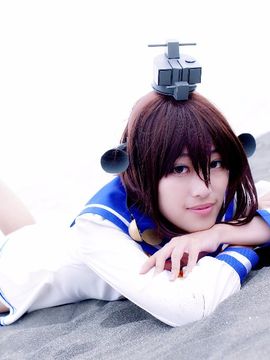 Kantai Collection Yukikaze cosplay_030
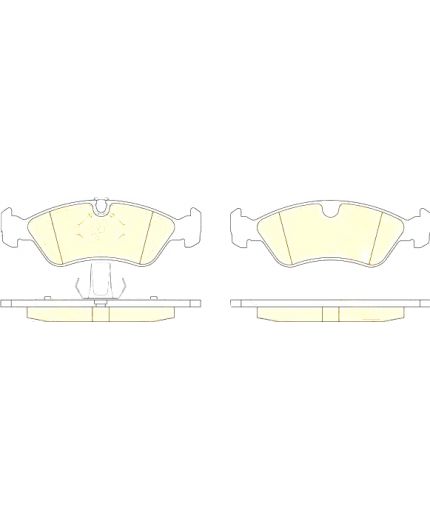 TRW Колодки дисковые Фото 3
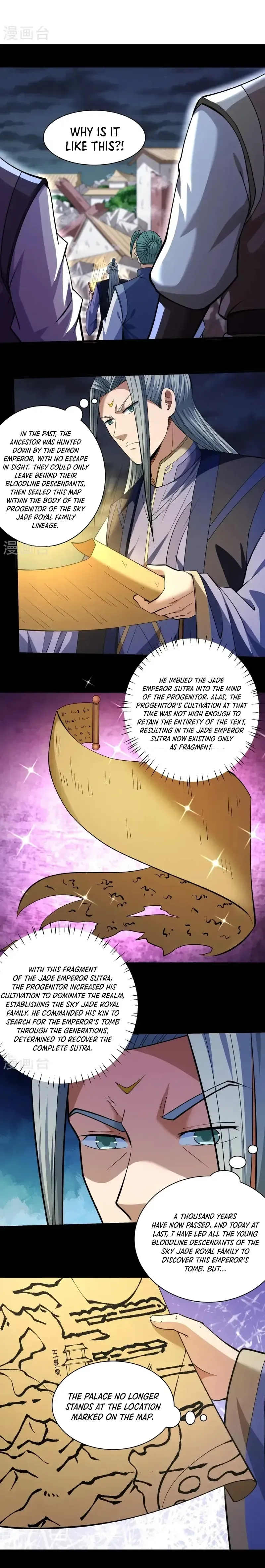 God of Martial Arts Chapter 958 Online - página 1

> [WORK REQUEST] Write out the data above exactly, minus any images.

> [ANSWER FOR THIS EXERCISE]
 Kantai Collection Yukikaze cosplay_030
 TRW Колодки дисковые Фото 3
 God of Martial Arts Chapter 958 Online - página 1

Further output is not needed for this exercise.